Data in this exercise below:

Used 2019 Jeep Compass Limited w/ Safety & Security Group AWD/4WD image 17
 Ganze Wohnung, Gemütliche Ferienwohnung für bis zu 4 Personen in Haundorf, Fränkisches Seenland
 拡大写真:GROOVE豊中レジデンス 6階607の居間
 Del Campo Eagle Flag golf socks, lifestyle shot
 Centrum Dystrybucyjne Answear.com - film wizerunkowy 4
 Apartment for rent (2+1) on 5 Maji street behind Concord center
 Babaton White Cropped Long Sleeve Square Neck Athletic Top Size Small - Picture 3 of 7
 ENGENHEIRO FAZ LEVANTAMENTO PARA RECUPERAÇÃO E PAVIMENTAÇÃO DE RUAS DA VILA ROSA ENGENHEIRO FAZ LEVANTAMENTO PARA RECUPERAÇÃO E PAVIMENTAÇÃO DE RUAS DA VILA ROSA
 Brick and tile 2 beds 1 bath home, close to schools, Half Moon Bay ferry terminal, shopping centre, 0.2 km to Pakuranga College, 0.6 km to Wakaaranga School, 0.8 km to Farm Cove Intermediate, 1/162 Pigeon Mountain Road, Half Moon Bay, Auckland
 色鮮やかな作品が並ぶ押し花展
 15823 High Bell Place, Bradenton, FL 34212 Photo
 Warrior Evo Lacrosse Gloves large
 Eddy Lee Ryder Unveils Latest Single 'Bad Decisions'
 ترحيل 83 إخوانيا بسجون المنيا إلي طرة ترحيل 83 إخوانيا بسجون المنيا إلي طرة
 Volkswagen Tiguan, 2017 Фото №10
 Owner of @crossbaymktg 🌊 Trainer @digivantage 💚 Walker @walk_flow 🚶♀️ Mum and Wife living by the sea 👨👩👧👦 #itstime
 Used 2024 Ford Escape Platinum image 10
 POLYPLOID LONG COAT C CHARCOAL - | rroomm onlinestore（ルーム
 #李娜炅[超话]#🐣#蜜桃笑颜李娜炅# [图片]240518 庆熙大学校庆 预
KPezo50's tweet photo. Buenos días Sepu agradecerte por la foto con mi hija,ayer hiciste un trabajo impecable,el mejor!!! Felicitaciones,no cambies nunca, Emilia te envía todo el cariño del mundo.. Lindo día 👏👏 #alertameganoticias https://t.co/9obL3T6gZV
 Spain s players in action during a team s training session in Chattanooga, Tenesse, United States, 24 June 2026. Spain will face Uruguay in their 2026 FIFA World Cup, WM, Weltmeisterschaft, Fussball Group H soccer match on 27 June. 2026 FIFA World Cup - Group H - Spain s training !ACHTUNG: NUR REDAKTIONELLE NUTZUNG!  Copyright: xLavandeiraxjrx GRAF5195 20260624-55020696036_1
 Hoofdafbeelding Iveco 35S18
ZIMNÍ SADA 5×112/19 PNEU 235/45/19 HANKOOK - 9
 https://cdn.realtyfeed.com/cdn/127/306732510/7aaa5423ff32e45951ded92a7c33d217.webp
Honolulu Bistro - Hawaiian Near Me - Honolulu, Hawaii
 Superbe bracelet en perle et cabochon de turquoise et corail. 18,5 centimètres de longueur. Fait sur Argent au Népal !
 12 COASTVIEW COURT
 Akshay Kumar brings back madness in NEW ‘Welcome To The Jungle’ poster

End of Data in this exercise.

Task requirements
For the string "Group", search the preceding data and copy every line that includes it.

Task solution
Used 2019 Jeep Compass Limited w/ Safety & Security Group AWD/4WD image 17
 Spain s players in action during a team s training session in Chattanooga, Tenesse, United States, 24 June 2026. Spain will face Uruguay in their 2026 FIFA World Cup, WM, Weltmeisterschaft, Fussball Group H soccer match on 27 June. 2026 FIFA World Cup - Group H - Spain s training !ACHTUNG: NUR REDAKTIONELLE NUTZUNG!  Copyright: xLavandeiraxjrx GRAF5195 20260624-55020696036_1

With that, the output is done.